+++ Data to examine +++
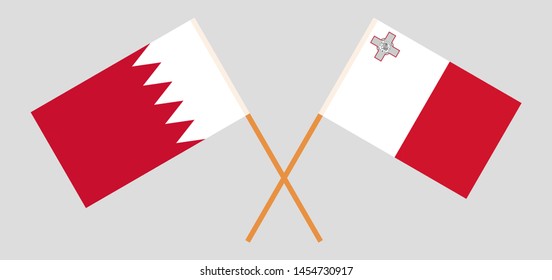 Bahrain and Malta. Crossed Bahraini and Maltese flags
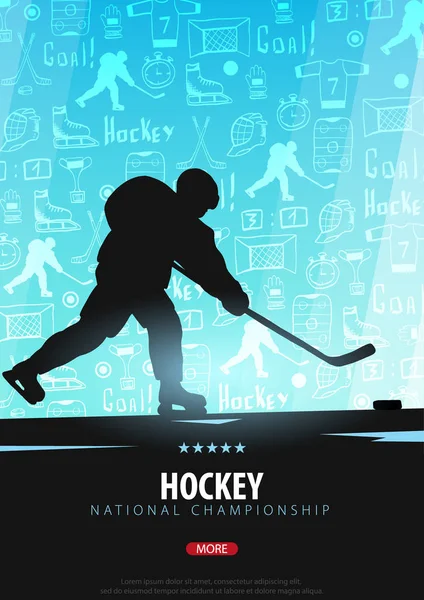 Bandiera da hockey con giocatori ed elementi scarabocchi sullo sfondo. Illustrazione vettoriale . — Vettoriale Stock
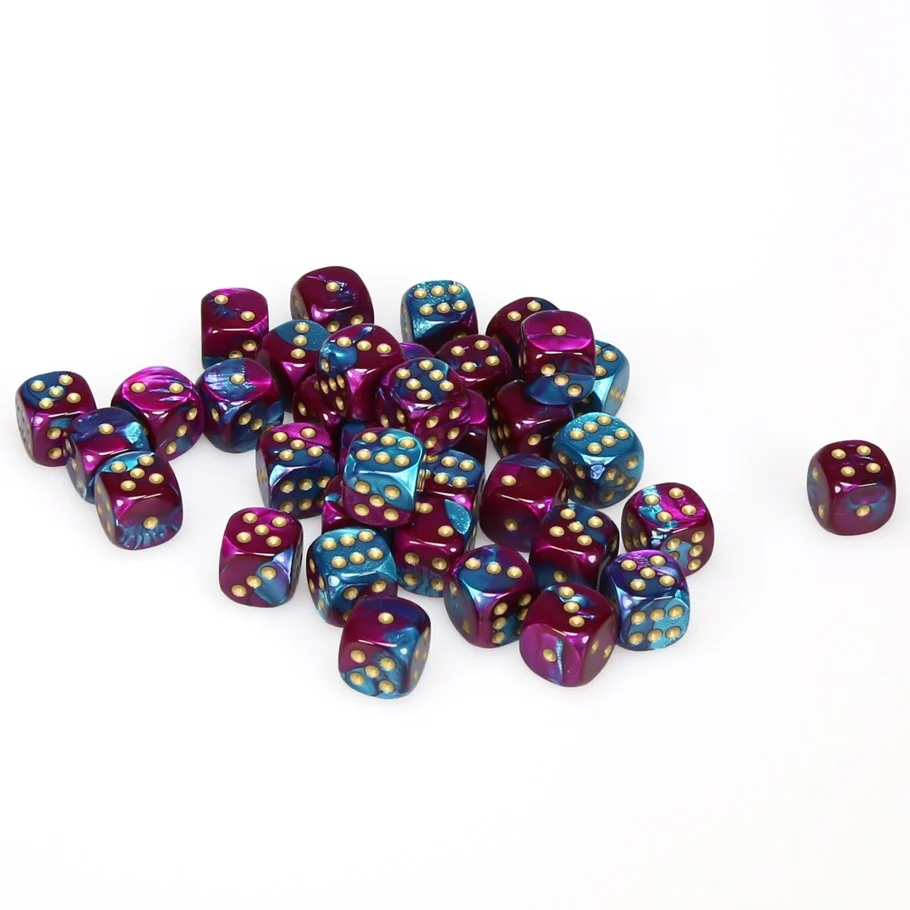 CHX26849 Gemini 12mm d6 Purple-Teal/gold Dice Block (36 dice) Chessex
+++
+++ Data to examine +++
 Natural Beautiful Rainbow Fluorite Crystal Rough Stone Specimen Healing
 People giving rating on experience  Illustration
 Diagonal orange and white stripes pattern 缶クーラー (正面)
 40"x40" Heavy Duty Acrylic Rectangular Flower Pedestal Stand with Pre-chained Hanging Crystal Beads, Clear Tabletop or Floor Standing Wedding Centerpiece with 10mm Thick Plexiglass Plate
+++
+++ Data to examine +++
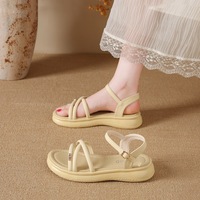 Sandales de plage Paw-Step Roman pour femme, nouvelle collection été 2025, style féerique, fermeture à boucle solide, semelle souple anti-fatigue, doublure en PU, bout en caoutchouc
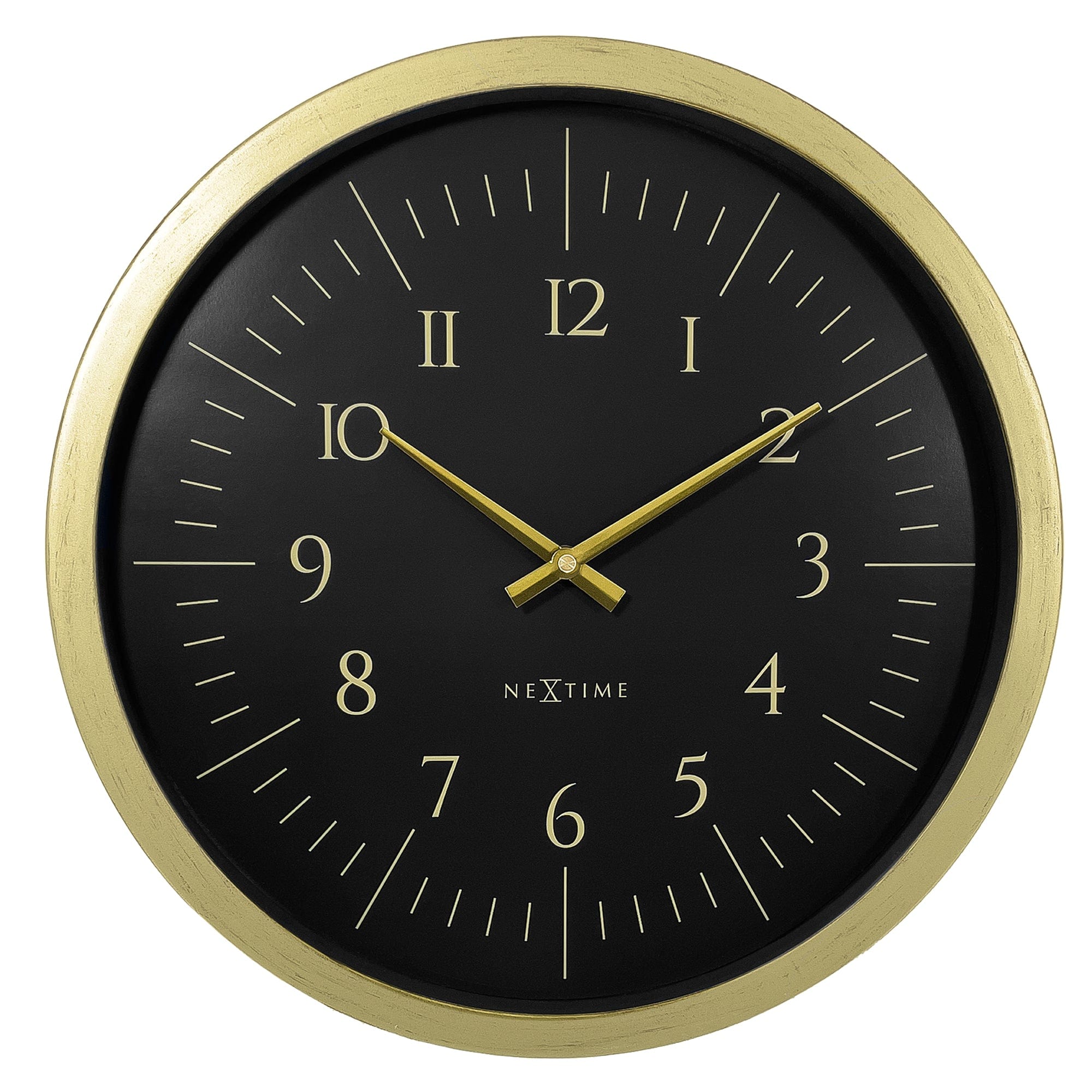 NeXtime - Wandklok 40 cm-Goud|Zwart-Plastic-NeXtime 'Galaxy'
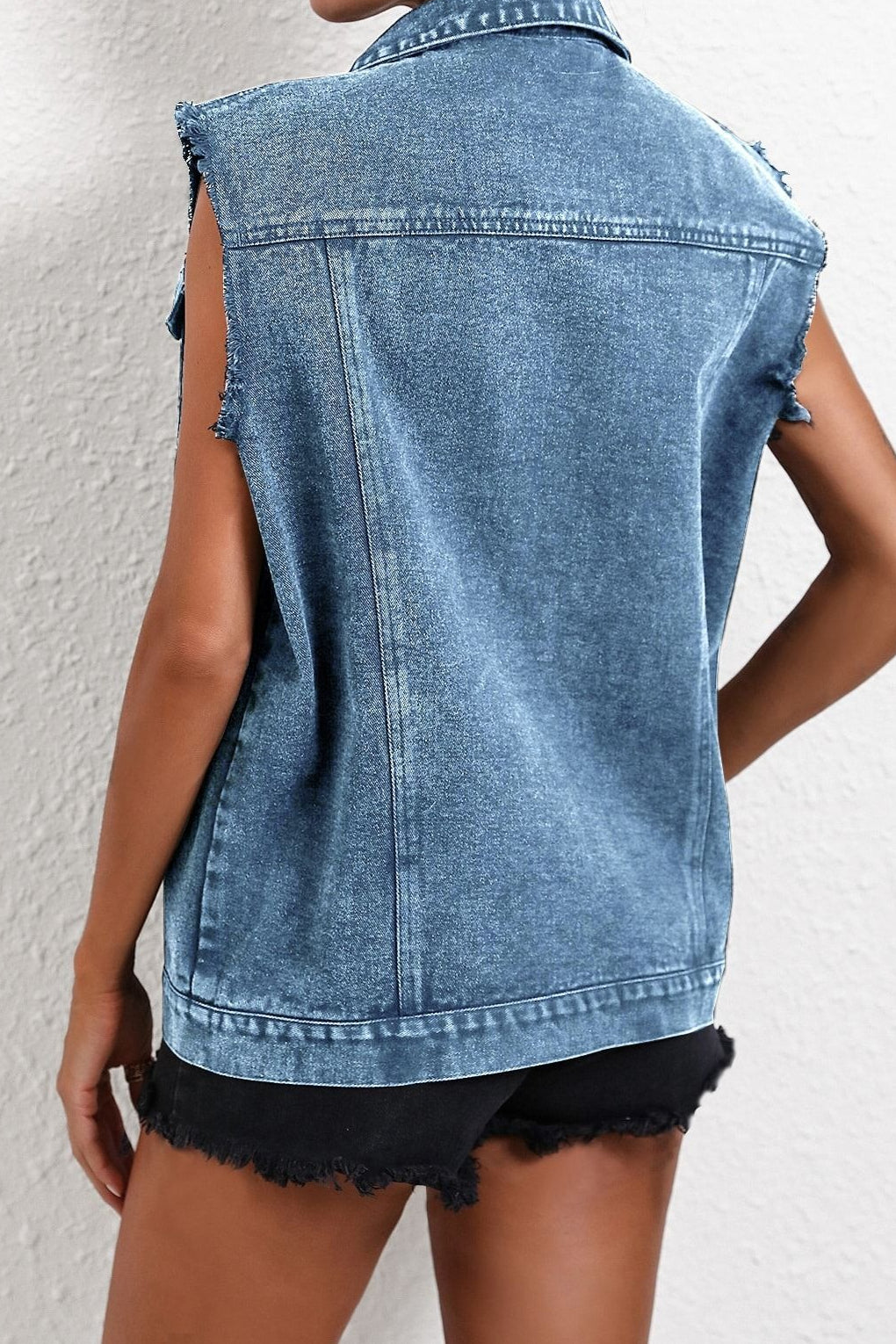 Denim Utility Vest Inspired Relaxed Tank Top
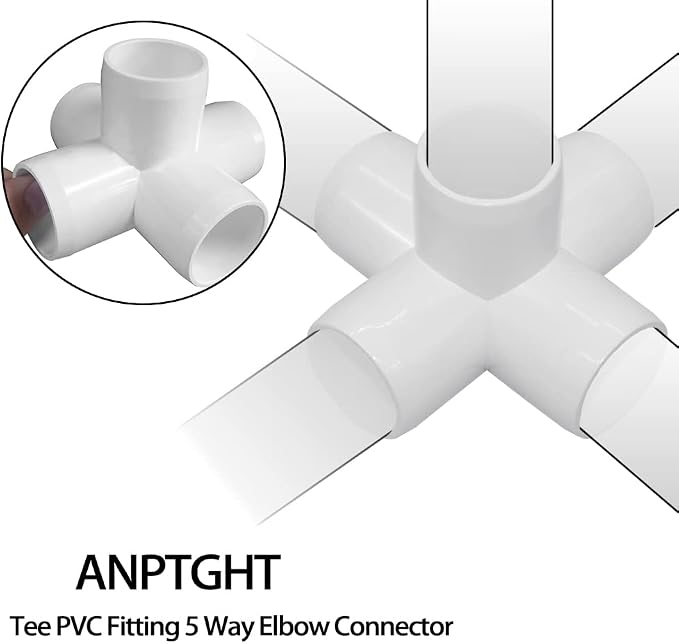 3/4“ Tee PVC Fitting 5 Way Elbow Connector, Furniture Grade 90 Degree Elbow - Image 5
+++
• _What to produce_
Copy out only the lines above from the one with "Diagonal orange and" to the one with "Thick Plexiglass Plate", inclusive, exactly as they stand.

• _Written answer_
 Diagonal orange and white stripes pattern 缶クーラー (正面)
 40"x40" Heavy Duty Acrylic Rectangular Flower Pedestal Stand with Pre-chained Hanging Crystal Beads, Clear Tabletop or Floor Standing Wedding Centerpiece with 10mm Thick Plexiglass Plate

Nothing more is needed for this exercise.